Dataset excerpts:
+ + + +
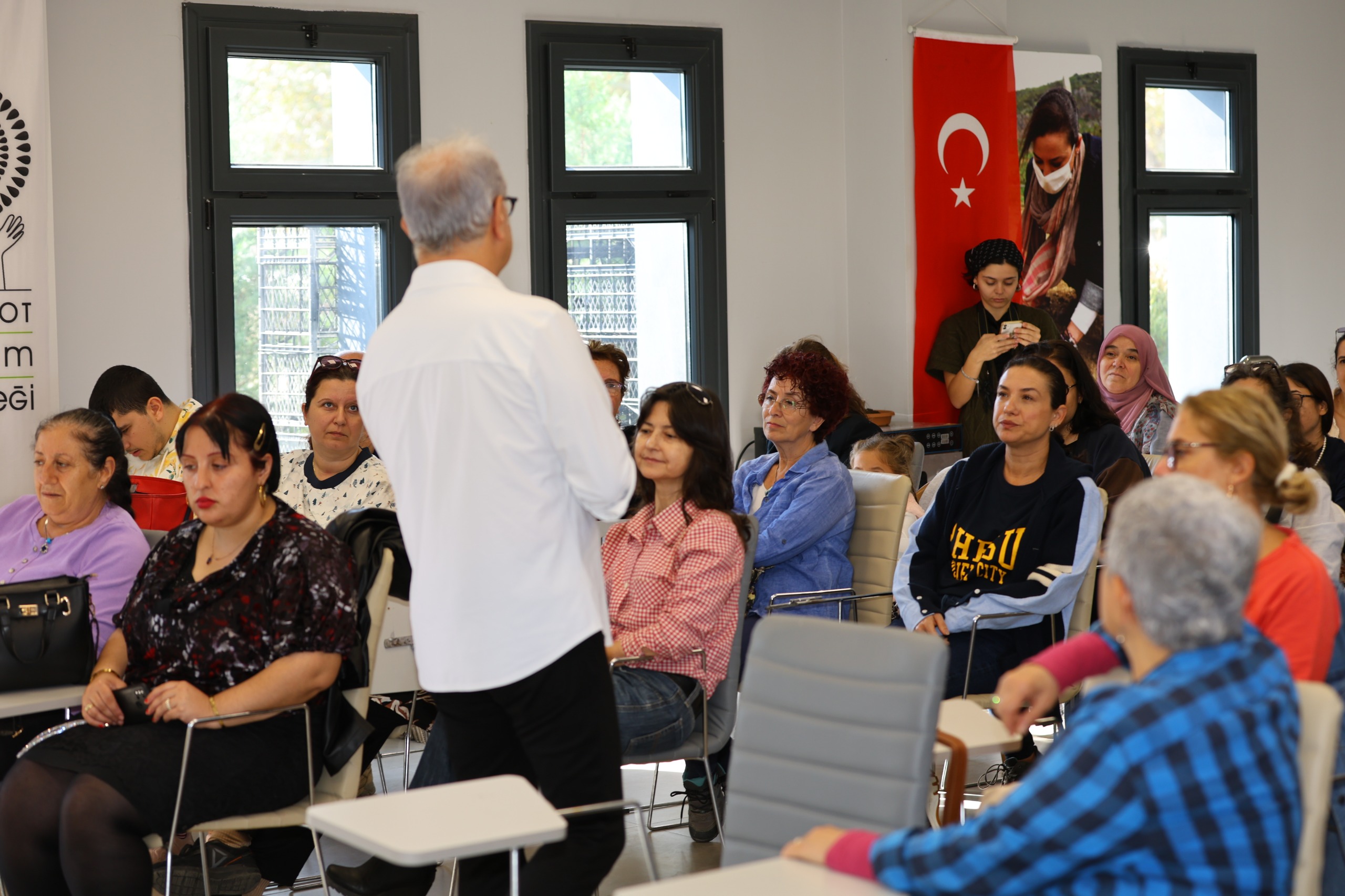 Efes Tarlası Yaşam Köyü’ndeki Üretici Pazarı Renkli Etkinliklerle Devam Ediyor (4)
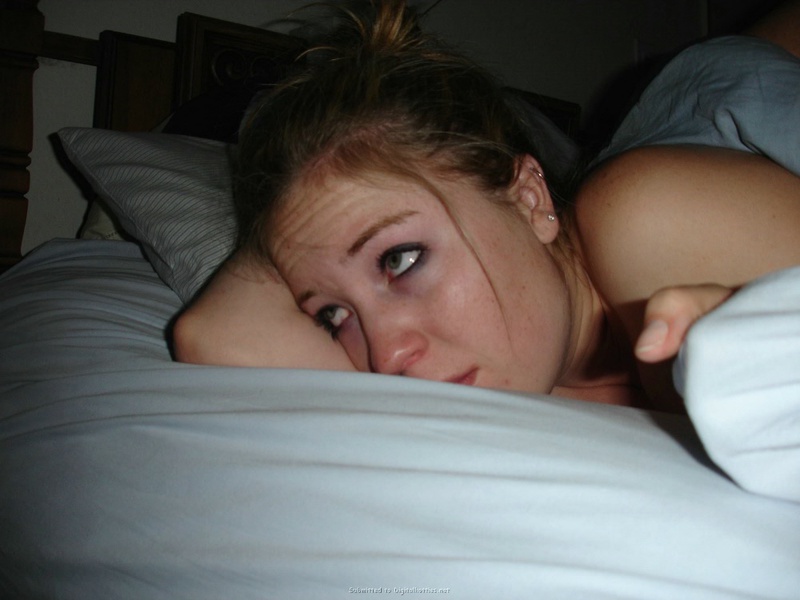 Позирует в гараже своего парня и не только 27 фото Позирует в гараже своего парня и не только 27 фото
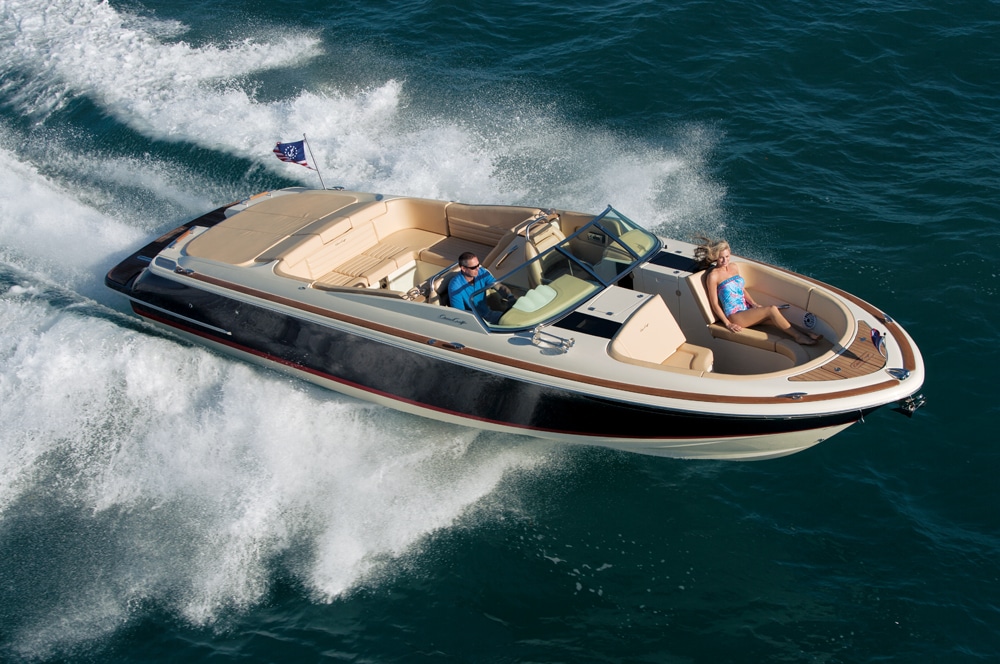 Chris-Craft Launch 32 | Boating Mag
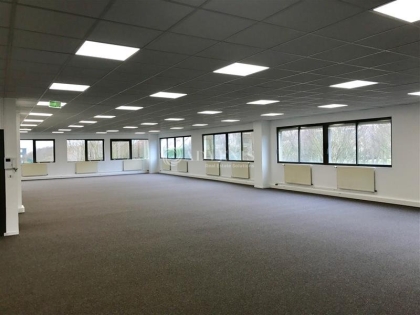 Advenis RES - Immobilier d'entreprises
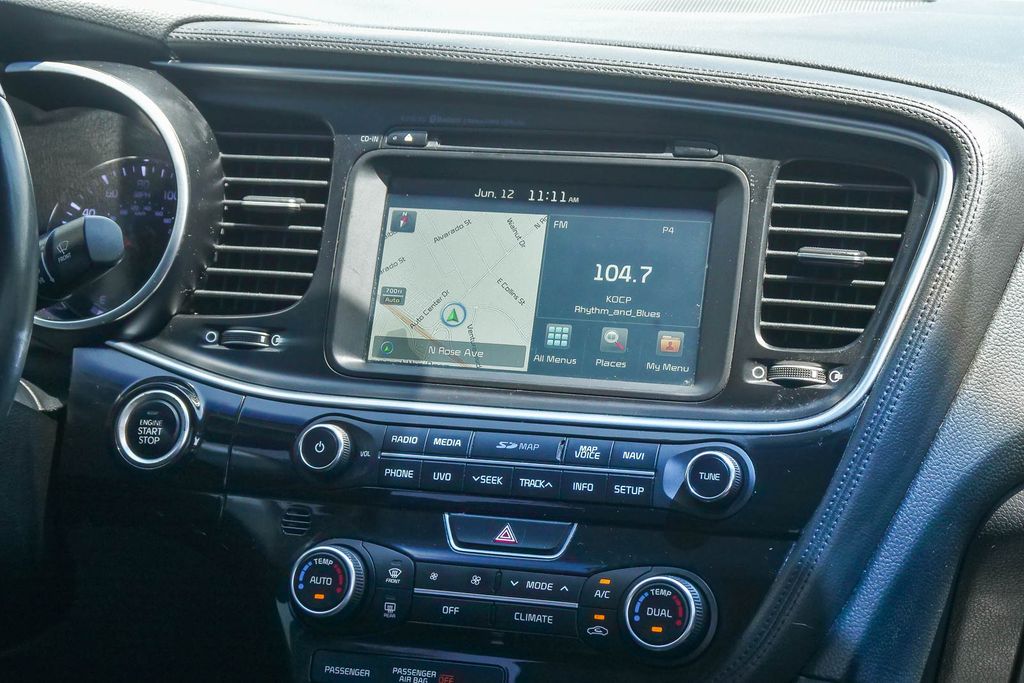 Thumbnail: 2015 Kia Optima - 12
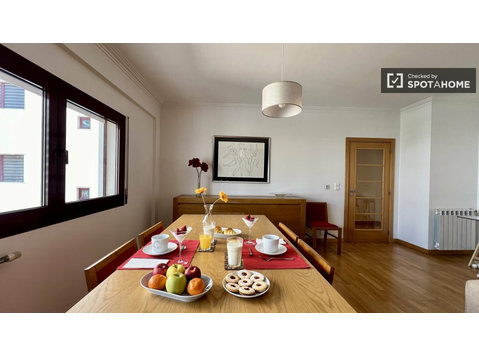 Laranjeiras, Lizbon'da kiralık 3 yatak odalı daire - Apartman Daireleri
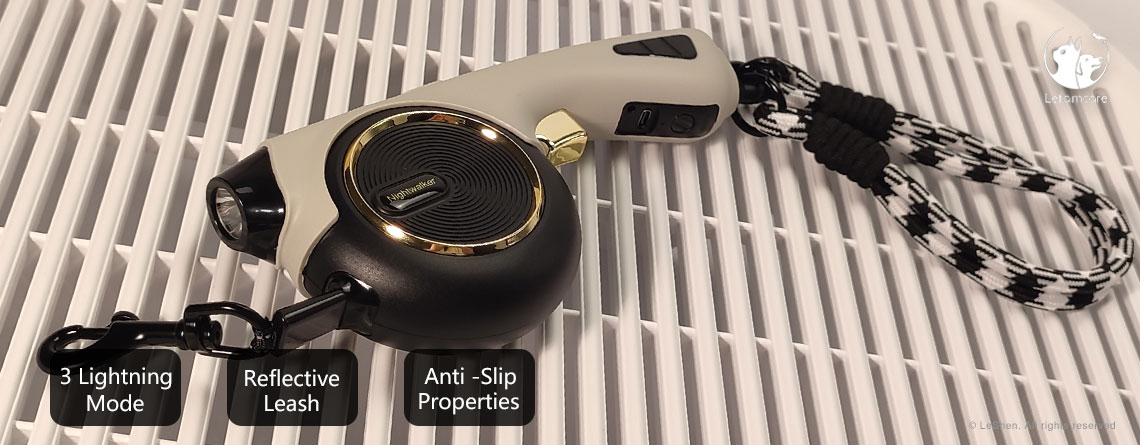 RETRACTABLE DOG LEASH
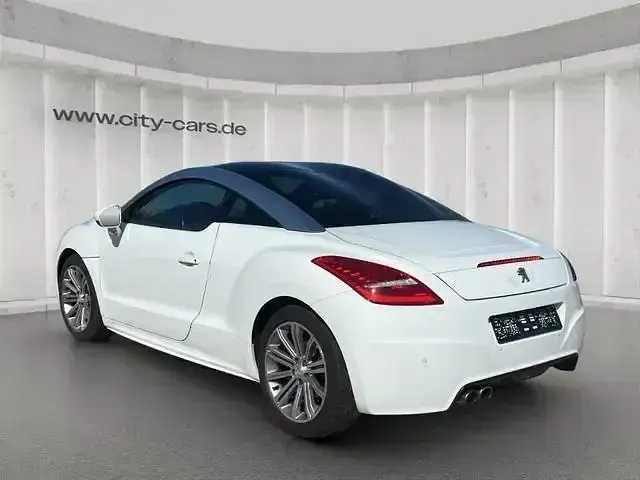 Gebraucht Peugeot RCZ Basis 156 PS (114 kW) 2014 Weiß Coupé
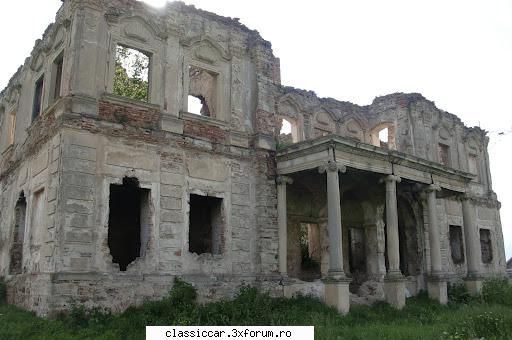 Castelul Haller - sat Coplean, jud Cluj - fatada castelului cu 6 stalpi de cate 10 - Drumetii prin Mioritic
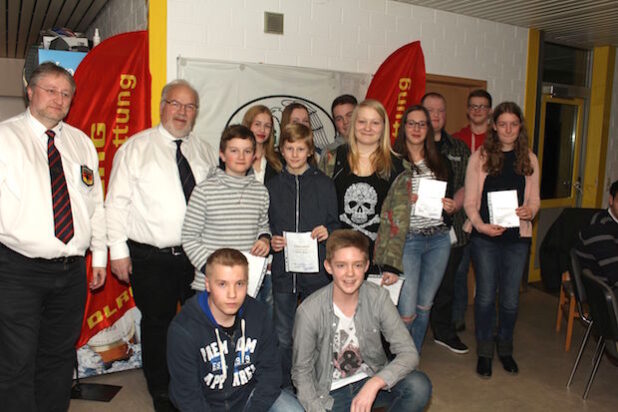 Rettungsschwimmer (von links nach rechts): Thorsten David, Wolfgang Gräve, Tom Zeppenfeld, Lena Feldmann, Nikolai Pfennig, Maja Klingenspohr, Nico Remberg, Michelle Görke, Laura-Marie Langenohl, Robin Hardenacke, Jonathan Lütticke und Lina Meinerzhagen, knienend Marcel Görke und Louis Kleta (Foto: DLRG OG Drolshagen e.V.).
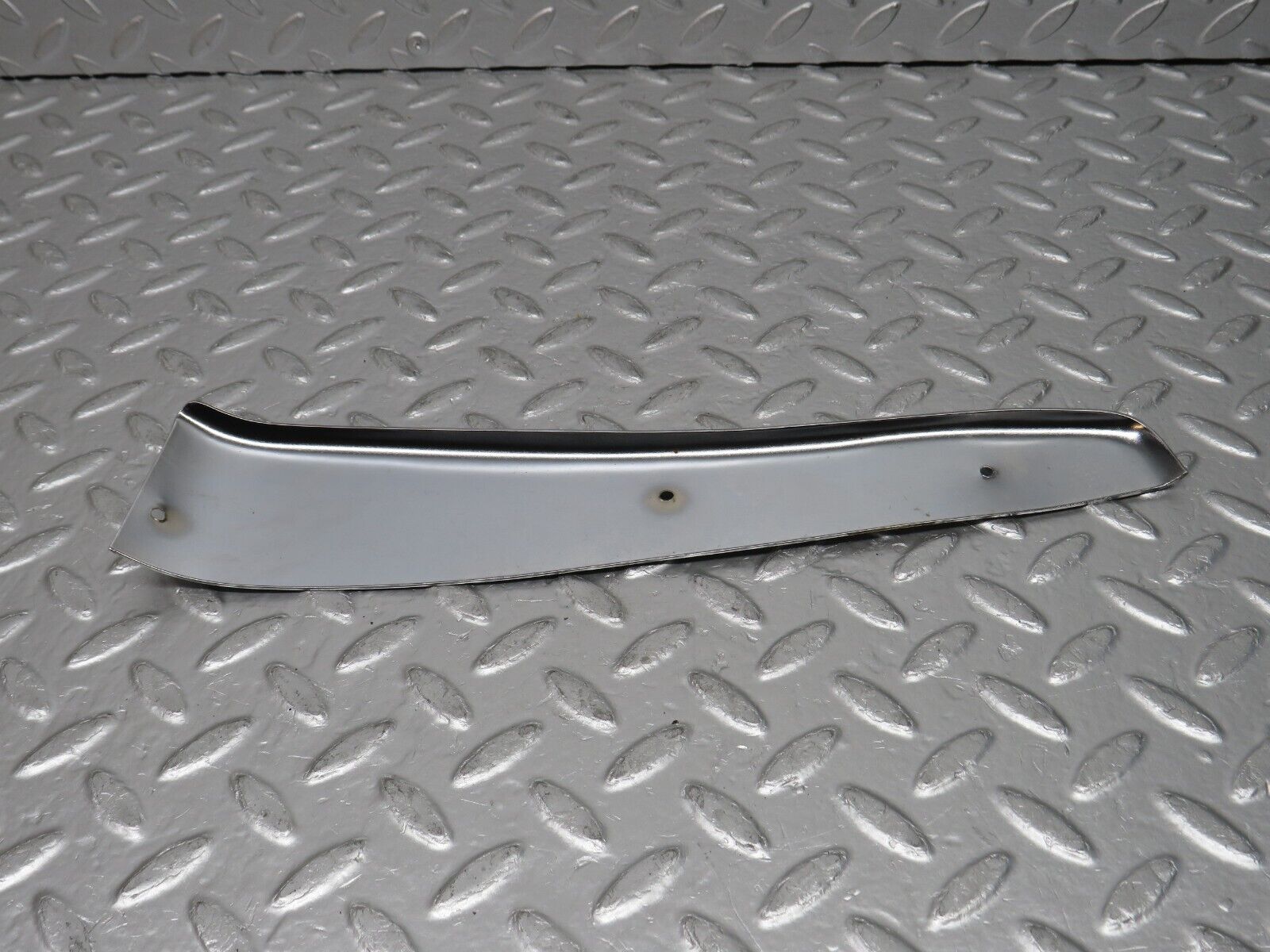 0737 Mercedes-Benz C107 350SLC Coupe Door Chrome Cover Right Side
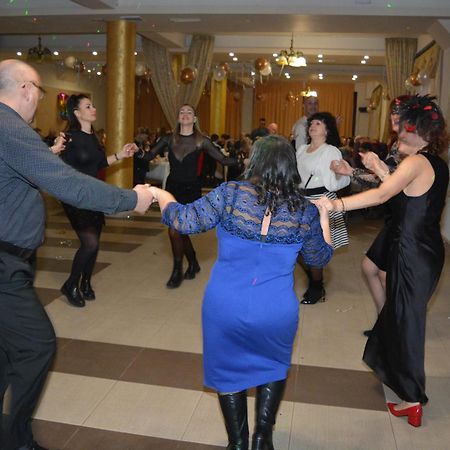 Pensiunea Popasul Ursilor Chiscau Buitenkant foto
+ + + +
Goal of the exercise: Output, exactly, all the records above; include no pictures.

Response:
 Efes Tarlası Yaşam Köyü’ndeki Üretici Pazarı Renkli Etkinliklerle Devam Ediyor (4)
 Позирует в гараже своего парня и не только 27 фото Позирует в гараже своего парня и не только 27 фото
 Chris-Craft Launch 32 | Boating Mag
 Advenis RES - Immobilier d'entreprises
 Thumbnail: 2015 Kia Optima - 12
 Laranjeiras, Lizbon'da kiralık 3 yatak odalı daire - Apartman Daireleri
 RETRACTABLE DOG LEASH
 Gebraucht Peugeot RCZ Basis 156 PS (114 kW) 2014 Weiß Coupé
 Castelul Haller - sat Coplean, jud Cluj - fatada castelului cu 6 stalpi de cate 10 - Drumetii prin Mioritic
 Rettungsschwimmer (von links nach rechts): Thorsten David, Wolfgang Gräve, Tom Zeppenfeld, Lena Feldmann, Nikolai Pfennig, Maja Klingenspohr, Nico Remberg, Michelle Görke, Laura-Marie Langenohl, Robin Hardenacke, Jonathan Lütticke und Lina Meinerzhagen, knienend Marcel Görke und Louis Kleta (Foto: DLRG OG Drolshagen e.V.).
 0737 Mercedes-Benz C107 350SLC Coupe Door Chrome Cover Right Side
 Pensiunea Popasul Ursilor Chiscau Buitenkant foto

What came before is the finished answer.